Resolve document id clashes with unified type
Closed, DeclinedPublic

Description

Unifying the type between archive/page/namespace is going to have clashes. For example we index namespaces with the namespace id as the document id, so there can't be overlapping pages.

We previously tracked down most of the places that deal with document ids and labeled them as such, it might be possible to add a prefix to them, as elasticsearch considers document id's to be strings anyways.

Event Timeline

EBernhardson created this task.

If we split namespace into it's own single index for all wiks, the main difference remaining may now only be archive documents. Perhaps we need to revisit archive and see if it makes sense to unify the two as a single document with two different states (archived/current) ? Will need to think about it.

For the namespace data we could perhaps consider storing them in the metastore index.
For archives I have no clue if could unify them into a single index. A minor concern may be that we will store in the same index different kind of wikis such as the private ones and public ones.

I was actually thinking namespace could be it's own single index, shared between the wiki's. I suppose we could use the metastore for that, it's tiny data and fits into the metastore concept.

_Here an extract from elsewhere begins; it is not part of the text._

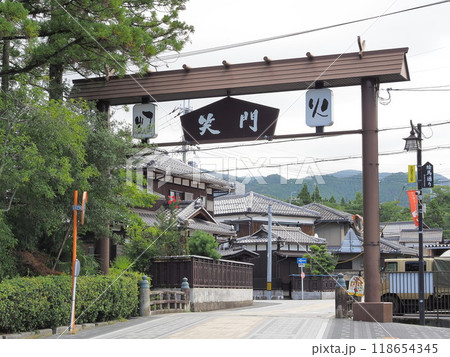 滋賀県　多賀大社表参道の景観　笑門　8月 118654345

For archive i wasn't thinking of unifying between wikis, but rather unifying the lifecycle of new page -> indexed -> deleted -> archived. As far as i can tell the archive page id is the same page id it had when it was indexed, so this would allow keeping the document id simple. Having a unified document model/lifecycle for the index seems desirable and easier to reason about than having two different things (page/archive) with a field distinguishing them. Of course the field to distinguish them would still exist, I'm mostly just thinking about treating it as a single thing.

A single doc model seems reasonable and match how mappings work, a single unified mapping.
When you speak a unified lifecycle is it like we will flip a kind of state field in the document to indicate the status of document?
Because one thing to consider is that redirects currently do not have their own documents when they are in the "indexed" state. So the flow cannot be a single deleted -> archived step, it'll still have to deal with redirects I think.
Other concern I have is regarding the copy_to: [suggest]. Currently the archive type does not specify this copy to behavior for the title field.
I'm not even sure how that works with elastic, I bet elastic just make sure that the indexed fields are compatible with fields of same name in other types and is still able to treat copy_to differently depending on the doc's type.
With a single mapping archived titles will perhaps start to popup in DYM suggestions which does not seem to be desirable?

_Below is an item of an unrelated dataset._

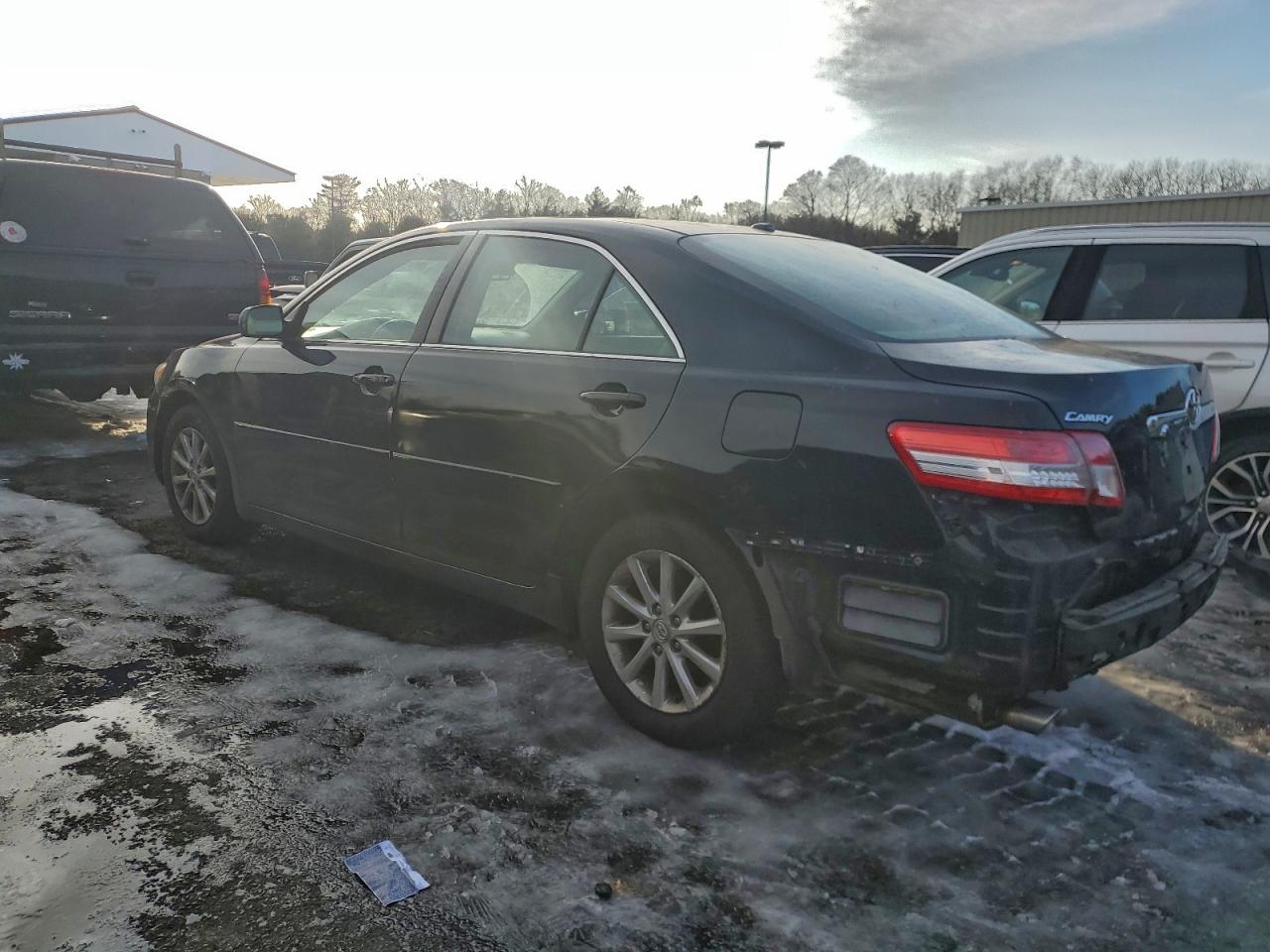 2011 TOYOTA CAMRY SE photo 2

I hadn't thought about copy_to and tried it out, indeed elasticsearch seems to handle multiple types with varied copy_to on the same field correctly. I don't see any obvious solution to this while moving away from multiple types, short of adding a field that is only populated for archive documents. Looking around the cluster we have at most 50k archive documents per-wiki.

Something we haven't discussed but should at least ponder the implications of: What if we make a new per-wiki archive index? This is by far the simplest solution. In terms of production usage these are all tiny, nothing needs more than a single shard. So we have 1 primary, 2 replicas and 900 wikis. That would add a total of 2700 tiny shards to the 9340 in the cluster, or a 28% increase. We haven't had problems (that I'm aware of) with master timeouts recently, perhaps the increased timeout along with cluster version updates have resolved some of our problems there? Elasticsearch has a blog post giving a "rule of thumb" of 20-25 shards per GB of heap, or 21-26k shards on a cluster of our size. Overall though I'm wary of adding so many new shards. I wonder if there is some test we could devise for the warm-spare cluster to create archive indices and measure master latency for a variety of actions. I suppose we would have to repeat the test on a loaded cluster though to ensure it's representative.

Now i'm off in a completely different direction, but perhaps worthwhile to consider more directly the easy way before dismissing it. Wasted a bunch of time on the multi-wiki indices before and then found it wasn't really necessary.

We decided to not add a new type field, and instead split archive into it's own index. To handle the sharding problem we will create 2 new "tiny" clusters on the existing hardware to split all of the tiny wiki's between.